Toyota Motor's Chairman Akio Toyoda apologizes for scandals at three group companies during a press conference in Nagoya

TOKYO (Reuters) - Toyota Motor Chairman Akio Toyoda said he may not be reelected as a director if shareholder support for him continues to fall at the pace it did this year, according to an interview published on Monday.

Shareholder backing for Toyoda slid to 72% at the company's annual general meeting last month, following proxy advisers' recommendations to vote against his reelection. That compares to the support of 85% in 2023.

Last month's result marked the lowest support rating ever for a director in Toyota's history, the 68-year-old grandson of the company's founder said in an interview by the automaker's own news outlet.

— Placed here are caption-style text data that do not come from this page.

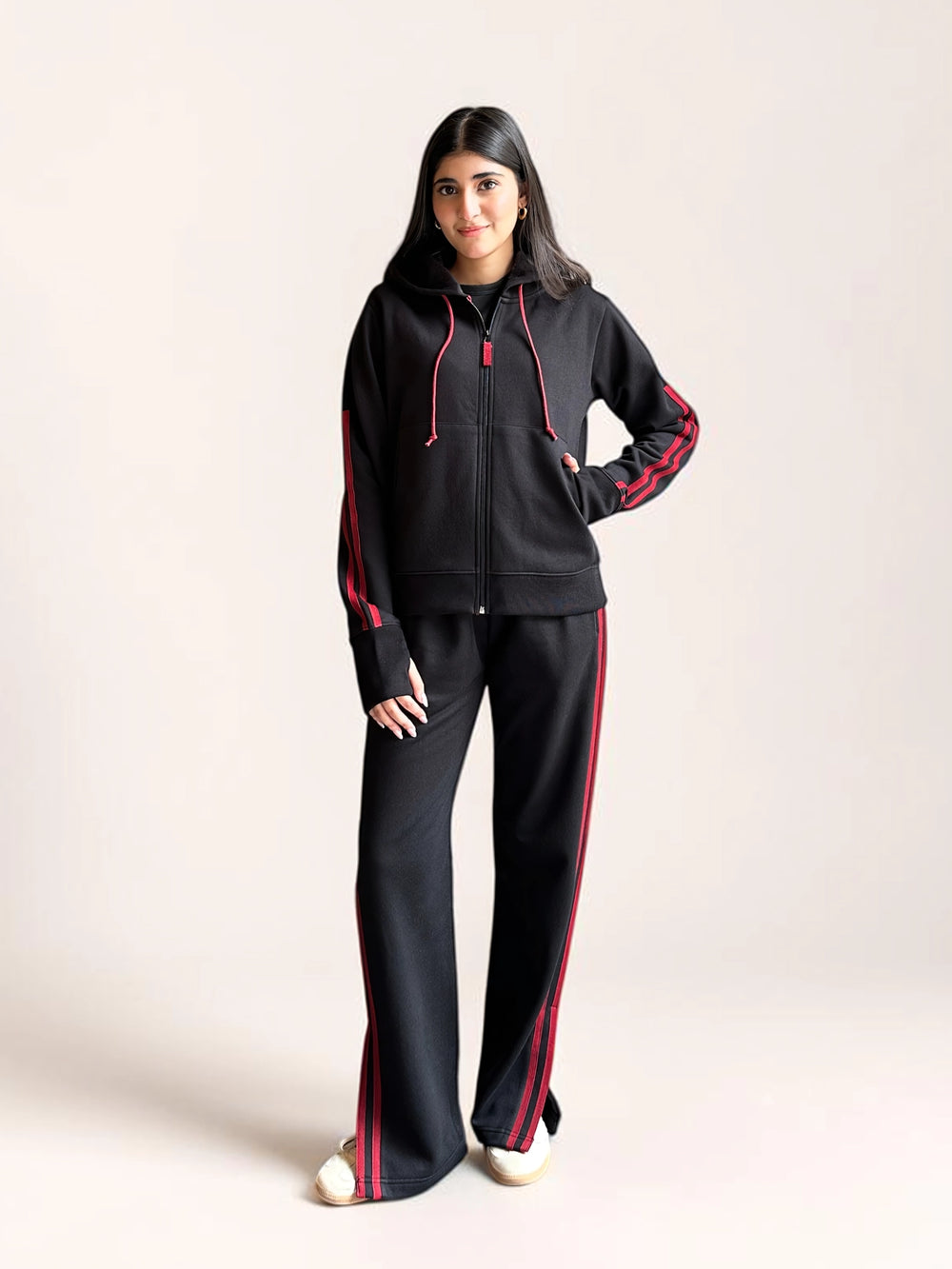 Model wearing Coastline’s black hoodie matching set with red sleeve stripes, red drawstrings and wide-leg trousers with matching side stripes.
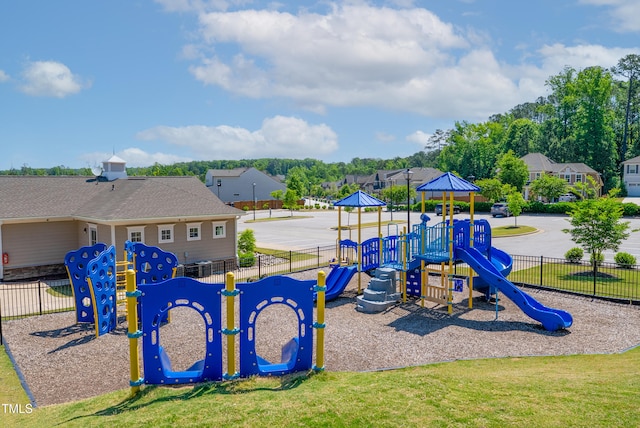 community jungle gym with fence and a lawn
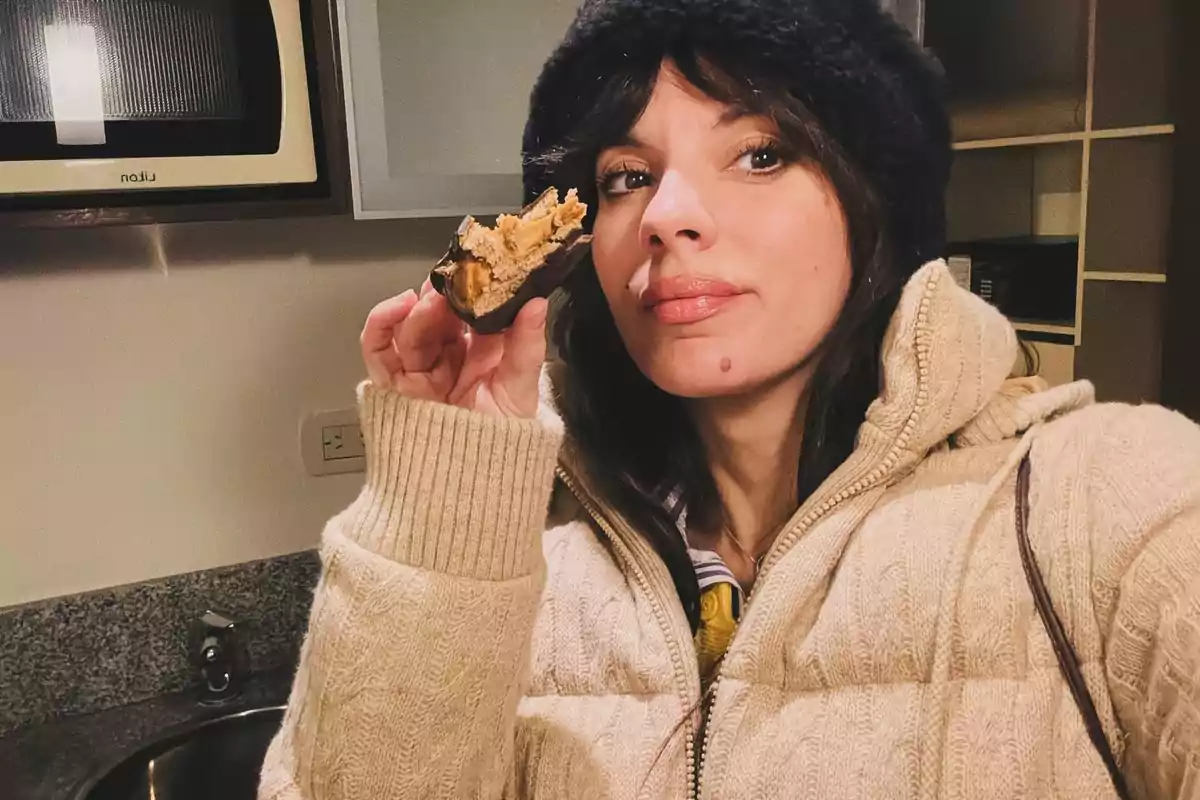 Woman in a beige coat and dark hat holds a piece of bread with peanut butter in a kitchen Woman in a beige coat and dark hat holds a piece of bread with peanut butter in a kitchen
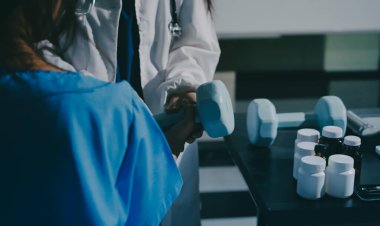 Fizyoterapist, halter egzersizinde bir kadına yardım ediyor.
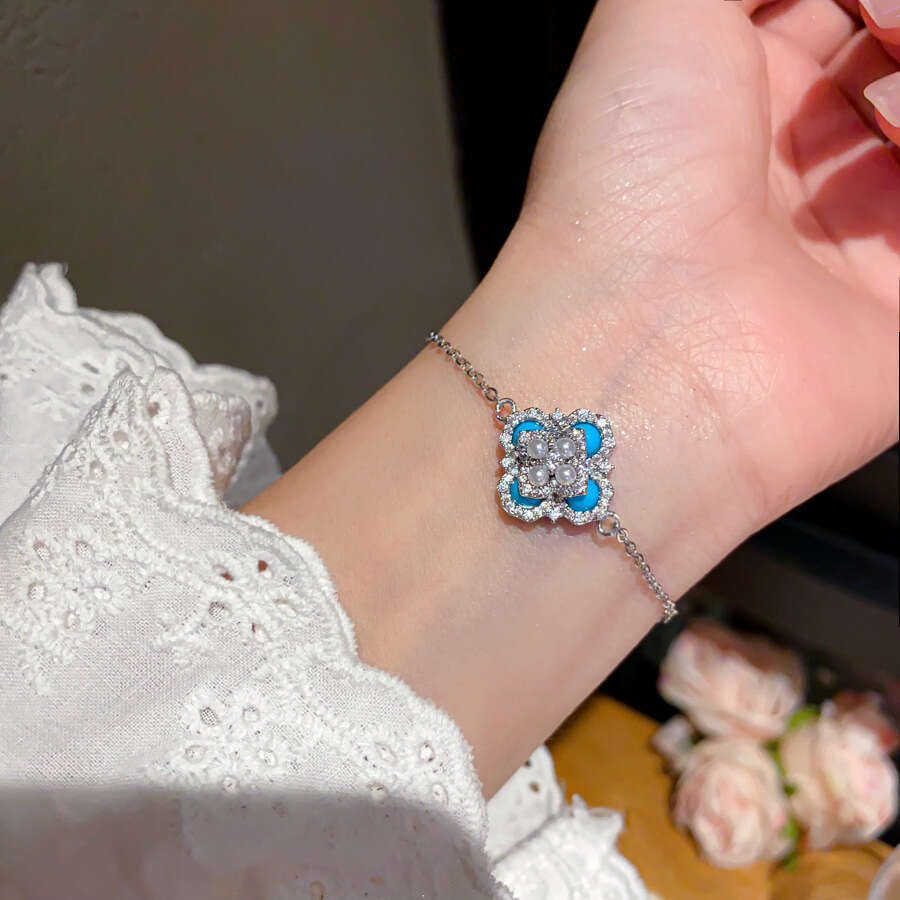 Luxury jewelry designer bracelet 4-leaf clover Zircon Turquoise Flower Pearl Open Palace Style Elegant Index Finger Ring Light High-end Sense Jewelry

"If it continues at this pace, I can't be a director next year," Toyoda said.

His support rating among foreign institutional investors was particularly weak at 34%. Ahead of the meeting, proxy advisers Institutional Shareholder Services (ISS) and Glass Lewis both took issue with the way Toyota has dealt with certification testing violations.

Toyoda's support among domestic institutional investors stood at around 55%, compared to 70% or more in the previous year.

That indicated half of them were asking him to step down because of his behaviour over the past year, Toyoda said during the interview.

The weaker support among institutional investors contrasted sharply with a nearly 99% approval rating among retail investors.